The Role of the Northern Land Council

In the face of this steady progress towards mining, relations between the NLC and the ASSPA were a mix of cooperation and reserve. Among field staff with local experience, there was a shared concern that the Jawoyn were not equipped with the internal community resources and information, nor were they being allowed the time and space, to adequately come to grips with proposals such as Coronation Hill. These officers tried to provide the personal and organisational support they felt was lacking, and were inclined to suspicion of the BHP team’s liaison efforts. Formally the two organisations exchanged file materials for mutual information, and the ASSPA director supported the availability of the NLC’s Katherine office legal advisor to assist the Jawoyn. Senior NLC people acknowledged that carriage of the issue lay with the ASSPA, but felt, initially, that their reservations with respect to the capacity of the ASSPA to protect Aboriginal interests were being confirmed.

By the end of 1986 a number of inconsistent Jawoyn statements, and the further development works approved at the October meeting, had created new doubts as to the Jawoyn position with respect to mining. Whatever the final position on that issue, the NLC still considered a land claim as essential to protect Jawoyn interests in the area. While such a claim could not be lodged while Gimbat remained a pastoral lease, the NLC hoped in the meantime, by way of Jawoyn requests for assistance, to manouevre itself into the role of protective intermediary. This it achieved in January and February 1987, with formal instructions from the Jawoyn Association to act as the Jawoyn legal representative,[11] and authorisation from the Association to attend all meetings between the Jawoyn and BHP.

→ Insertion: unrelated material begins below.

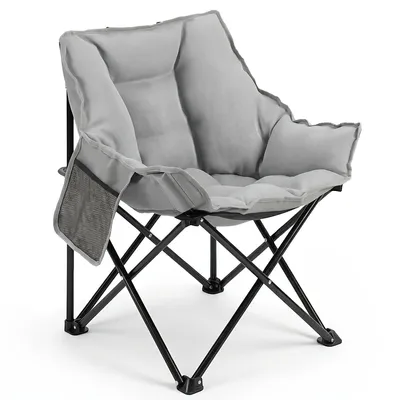 Produktbild von Sekey Campingstuhl Gepolstert Klappstuhl Camping Faltstuhl Angelstuhl bis 130 kg, Grau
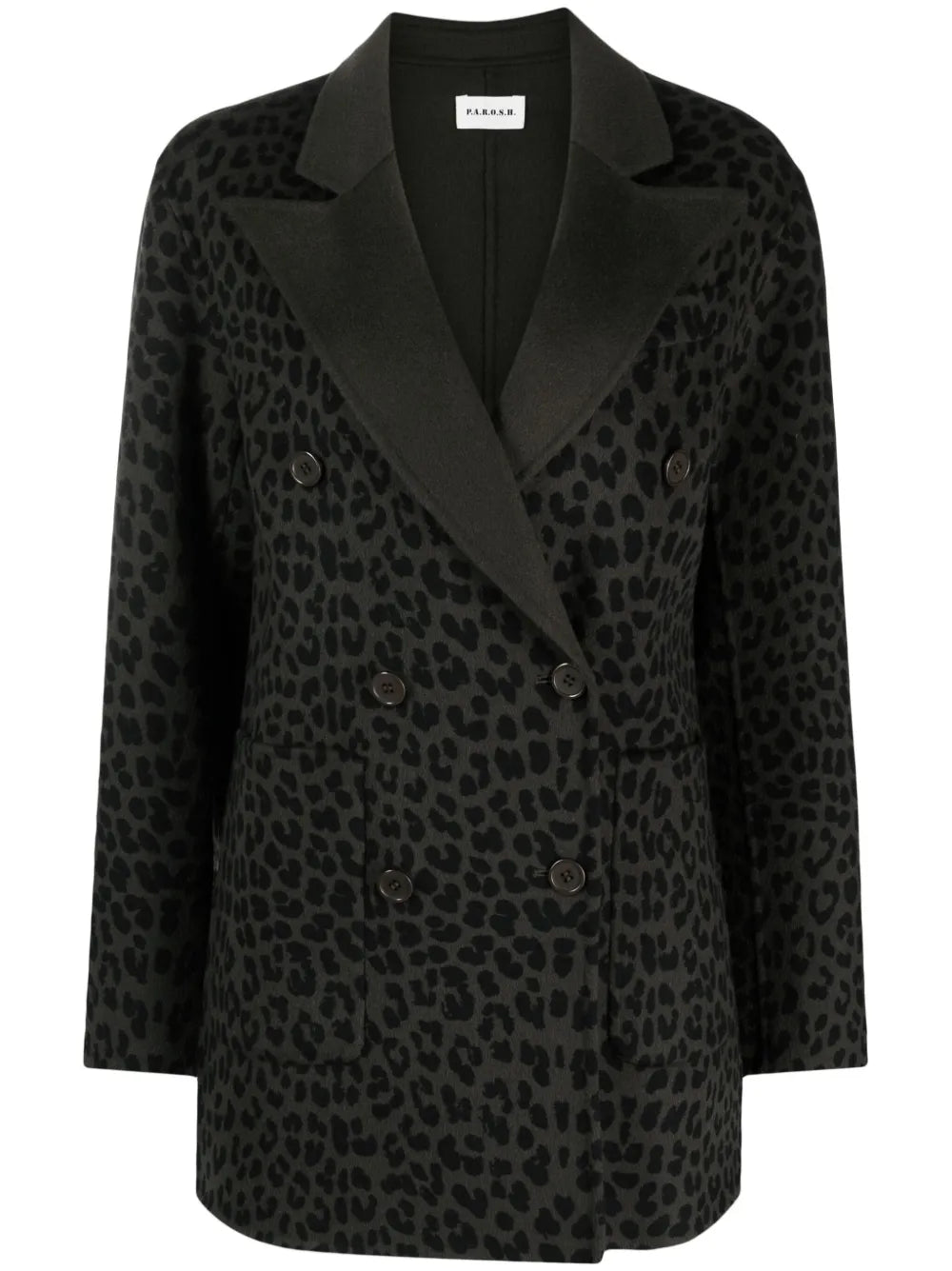 Cheetah-Print Double-Breasted Blazer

By these steps, the NLC sought to overcome any objection to its right to be present and to advise the Jawoyn in all their dealings over Coronation Hill. Shortly thereafter, however, in March and April, NLC officers recorded statements on three occasions, largely from the same senior Jawoyn individuals, in favour, against, and in favour, of mining. The NLC, having finally achieved formal standing as the Jawoyn legal representative, could not effectively advocate its client’s position, because it was unable to determine with certainty what that position was. Matters were no better clarified at a Jawoyn Association meeting in May where an NLC officer recorded that those present appeared undecided about the issue.

The NLC encountered further difficulties in having its role acknowledged by the BHP project team. In the midst of the events just described, the senior legal officer wrote to the company advising that ‘the Jawoyn Association has instructed the Northern Land Council to act on its behalf on all matters relating to Coronation Hill’, and requesting that all communications to the Jawoyn Association should be sent to the offices of the NLC. That letter further offered ‘to discuss BHP’s current involvement at Coronation Hill in a preliminary manner at your convenience’.[12] The NLC thereby attempted to consolidate its intermediary role by situating itself across the interface of contact between the Jawoyn and the company.

The BHP project team had from the outset been wary of the NLC and suspicious of its motives for intervening, perceiving its tactics as manipulative of the Jawoyn and inimical to successful development of the project. Its Aboriginal Affairs Advisor replied to the NLC that the team had to maintain direct dealings with the Jawoyn on a number of day-to-day matters, but that if the Jawoyn approved, it would deal with the NLC on formal matters.[13] The BHP team thereby refused to defer to the NLC’s claim for the priority of its advisor-client relationship, and would allow only limited room for NLC involvement if this was authorised through the team’s own communication with the Jawoyn. Approaching the next round of development consultations in June 1987, the BHP team found no support among Jawoyn leaders for NLC involvement. The team proceeded to organise a meeting of about 30 Jawoyn people, including two senior custodians, and ASSPA officers, at which further works on the project were explained and substantially approved, in disregard of the NLC’s attempt to establish a formal role for itself.[14]

Events up to mid-1987 thus left the NLC uncertain of its client’s views regarding the management of the upper South Alligator valley, lacking confidence in the ASSPA’s handling of the central issue of development works at Coronation Hill, and without proper recognition from the mining company as its counterpart in negotiations. At that point, the legal basis of the NLC’s participation in the affairs of the region was transformed by a raft of legislative amendments passed by the Federal Government.[15] The ALRA was amended to give Land Councils the additional function of assisting Aborigines to protect sacred sites, whether or not on Aboriginal land. Other amendments declared Gimbat and Goodparla stations to be unalienated Crown land and therefore available for land claim, and empowered Aboriginal Land Councils in the Northern Territory to negotiate mining agreements over land under claim, extending their existing power to negotiate only over land already won. In anticipation of these developments, the Jawoyn Association instructed the NLC to lodge a land claim over the area and to invite the company to enter negotiations for an agreement over exploration and mining. The NLC lodged the land claim on 26 June, and wrote to the company on 2 July.[16]